Aggregating data from all of these sources and normalizing them requires knowledge of the nuances in each jurisdiction. “It would be nice if, for every region, we were looking for the exact same things,” says Reichman. “Instead, depending on the vendor that they use, and depending on how the data is made available, it's a puzzle for each one.”

In December of 2019, US Senators Michael Bennet of Colorado and Rob Portman of Ohio introduced a bill that would set up state and local grants aimed at reducing low-income evictions. Included in the bill is a measure to enhance data collection. Hepburn is hopeful that the bill could one day mean an easier job for those trying to analyse eviction data.

That said, Hepburn and Reichman caution against the public release of granular eviction data. 

“In a lot of cases, what this gets used for is for tenant screening services,” says Hepburn. “There are companies that go and collect these data and make them available to landlords to try to check and see if their potential tenants have been previously evicted, or even just filed against for eviction, without any sort of judgement.”

According to research by Eviction Lab principal Matthew Desmond and Tracey Shollenberger, who is now vice president of science at Harvard’s Center for Policing Equity, residents who have been evicted or even just filed against for eviction often have a much harder time finding equal-quality housing in the future. That coupled with evidence that evictions affect minority populations at disproportionate rates can lead to widening racial and economic gaps in neighborhoods.

While opening up raw data on evictions to the public would not be the best option, making timely, granular data available to researchers and government officials can improve the system’s ability to respond to potential eviction crises.

Data on current and historical evictions can help city officials spot trends in who is getting evicted and who is doing the evicting. It can help inform new housing policy and reform old housing policies that may put more vulnerable citizens at undue risk.

Hepburn says that the Eviction Lab is currently working, in part with the ACLU, on research that shows the extent to which Black renters are disproportionately affected by the eviction crisis.
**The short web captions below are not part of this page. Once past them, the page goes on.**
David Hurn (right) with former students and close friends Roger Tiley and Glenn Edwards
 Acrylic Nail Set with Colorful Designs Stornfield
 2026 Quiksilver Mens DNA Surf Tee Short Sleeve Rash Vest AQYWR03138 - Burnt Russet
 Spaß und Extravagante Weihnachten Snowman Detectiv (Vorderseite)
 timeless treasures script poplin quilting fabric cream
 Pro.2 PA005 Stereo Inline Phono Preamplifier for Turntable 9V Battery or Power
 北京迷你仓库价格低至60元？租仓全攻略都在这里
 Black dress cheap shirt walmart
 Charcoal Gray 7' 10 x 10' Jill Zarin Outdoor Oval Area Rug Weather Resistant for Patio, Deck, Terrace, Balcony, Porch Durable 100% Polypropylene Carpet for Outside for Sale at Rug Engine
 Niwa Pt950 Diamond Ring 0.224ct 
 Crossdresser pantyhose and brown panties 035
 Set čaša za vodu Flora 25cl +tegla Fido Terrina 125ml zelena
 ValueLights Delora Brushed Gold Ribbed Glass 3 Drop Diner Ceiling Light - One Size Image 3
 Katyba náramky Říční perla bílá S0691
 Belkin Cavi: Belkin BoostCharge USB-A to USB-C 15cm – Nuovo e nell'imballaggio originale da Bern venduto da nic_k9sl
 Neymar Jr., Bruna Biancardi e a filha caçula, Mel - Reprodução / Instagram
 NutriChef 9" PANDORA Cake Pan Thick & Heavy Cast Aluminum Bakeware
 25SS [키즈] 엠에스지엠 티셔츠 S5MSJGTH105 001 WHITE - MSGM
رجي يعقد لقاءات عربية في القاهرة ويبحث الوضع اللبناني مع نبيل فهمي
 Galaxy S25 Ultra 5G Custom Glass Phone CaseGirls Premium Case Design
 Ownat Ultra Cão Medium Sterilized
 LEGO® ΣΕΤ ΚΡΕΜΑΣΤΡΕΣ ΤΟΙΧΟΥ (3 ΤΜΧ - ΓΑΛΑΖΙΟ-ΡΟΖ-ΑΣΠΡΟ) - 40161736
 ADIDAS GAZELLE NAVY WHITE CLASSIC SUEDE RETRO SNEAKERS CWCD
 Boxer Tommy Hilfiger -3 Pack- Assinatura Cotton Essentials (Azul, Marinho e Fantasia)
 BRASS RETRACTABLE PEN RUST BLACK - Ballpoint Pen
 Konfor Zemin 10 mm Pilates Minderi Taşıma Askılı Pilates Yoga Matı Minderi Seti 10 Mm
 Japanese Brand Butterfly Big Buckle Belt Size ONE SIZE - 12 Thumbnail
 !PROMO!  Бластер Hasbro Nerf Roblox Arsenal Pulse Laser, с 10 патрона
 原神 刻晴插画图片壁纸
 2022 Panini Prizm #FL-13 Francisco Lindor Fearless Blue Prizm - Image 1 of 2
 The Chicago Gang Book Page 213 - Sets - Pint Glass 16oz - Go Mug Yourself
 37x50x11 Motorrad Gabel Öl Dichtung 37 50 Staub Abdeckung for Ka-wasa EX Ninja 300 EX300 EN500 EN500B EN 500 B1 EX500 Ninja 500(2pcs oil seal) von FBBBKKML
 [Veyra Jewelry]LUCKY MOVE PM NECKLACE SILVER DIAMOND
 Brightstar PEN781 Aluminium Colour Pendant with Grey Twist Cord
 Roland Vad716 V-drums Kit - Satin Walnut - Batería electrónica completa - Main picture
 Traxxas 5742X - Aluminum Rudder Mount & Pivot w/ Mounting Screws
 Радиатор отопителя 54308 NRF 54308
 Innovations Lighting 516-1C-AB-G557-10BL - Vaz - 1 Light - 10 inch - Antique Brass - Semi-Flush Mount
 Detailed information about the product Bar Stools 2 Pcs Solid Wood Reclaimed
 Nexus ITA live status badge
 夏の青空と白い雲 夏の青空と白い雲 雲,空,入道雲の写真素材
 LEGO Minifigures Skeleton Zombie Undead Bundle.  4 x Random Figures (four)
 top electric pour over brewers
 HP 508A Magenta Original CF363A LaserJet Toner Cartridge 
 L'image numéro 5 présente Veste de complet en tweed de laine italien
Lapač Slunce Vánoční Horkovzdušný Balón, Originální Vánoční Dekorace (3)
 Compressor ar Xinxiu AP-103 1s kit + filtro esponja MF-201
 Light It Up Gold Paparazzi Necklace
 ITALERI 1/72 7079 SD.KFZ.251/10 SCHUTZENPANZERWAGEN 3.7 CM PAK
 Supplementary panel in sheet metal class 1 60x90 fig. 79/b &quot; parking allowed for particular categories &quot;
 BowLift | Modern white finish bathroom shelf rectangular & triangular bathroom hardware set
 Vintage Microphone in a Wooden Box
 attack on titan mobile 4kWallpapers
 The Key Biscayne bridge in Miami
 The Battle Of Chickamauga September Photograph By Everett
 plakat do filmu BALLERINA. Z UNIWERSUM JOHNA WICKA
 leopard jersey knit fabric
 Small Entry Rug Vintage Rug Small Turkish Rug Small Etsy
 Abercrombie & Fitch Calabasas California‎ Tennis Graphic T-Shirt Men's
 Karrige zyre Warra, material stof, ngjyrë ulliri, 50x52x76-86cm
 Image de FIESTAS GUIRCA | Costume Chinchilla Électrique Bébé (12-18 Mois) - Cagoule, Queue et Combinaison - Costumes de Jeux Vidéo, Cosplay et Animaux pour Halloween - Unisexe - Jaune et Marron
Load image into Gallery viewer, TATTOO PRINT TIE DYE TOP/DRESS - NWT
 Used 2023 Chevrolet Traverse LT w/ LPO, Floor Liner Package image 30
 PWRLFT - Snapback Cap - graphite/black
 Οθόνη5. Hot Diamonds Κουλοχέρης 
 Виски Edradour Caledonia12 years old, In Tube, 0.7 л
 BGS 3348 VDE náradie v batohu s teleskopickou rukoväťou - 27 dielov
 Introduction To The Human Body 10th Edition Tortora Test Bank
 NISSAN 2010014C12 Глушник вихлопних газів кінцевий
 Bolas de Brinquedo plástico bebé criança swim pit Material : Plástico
More broadly, says Hepburn, better data can help provide some oversight for a system which is largely unregulated.

“It's the Wild West, right? There's no right to representation. Defendants have no right to counsel. They're on their own here,” says Hepburn. “I mean, this is people losing their homes, and they're being processed in bulk very quickly by the system that has very little oversight, and that we know very little about.”

A 2018 report by the Philadelphia Mayor’s Taskforce on Eviction Prevention and Response found that of Philadelphia’s 22,500 eviction cases in 2016, tenants had legal representation in only 9% of them.

Included in Hepburn’s eviction data wishlist is an additional ask, something that is rarely included in any of the filings that the Eviction Lab and January Advisors have been poring over for years. He wants to know the relationship between money owed and monthly rent.

“At the individual level, if you were found to owe $1,500, was that on an apartment that's $1,500 a month? Or was it an apartment that's $500 a month? Because that makes a big difference in the story you're telling about the nature of the crisis, right? If you're letting somebody get three months behind that's different than evicting them immediately once they fall behind,” Hepburn says.

Now that the Eviction Tracking System has been out for a week, Hepburn says one of the next steps is to start reaching out to state and local governments to see if they can garner interest in the project. While he’s not ready to name any names just yet, he says that they’re already involved in talks with some interested parties.

*Correction: This story initially misidentified a jurisdiction that charges $10 to access an eviction filing. It is the state of Alabama, not the city of Atlanta. Also, at the time of publication, Peter Hepburn was an assistant professor at Rutgers, not an associate professor.

Alexandra Kanik is a data reporter at CityMetric.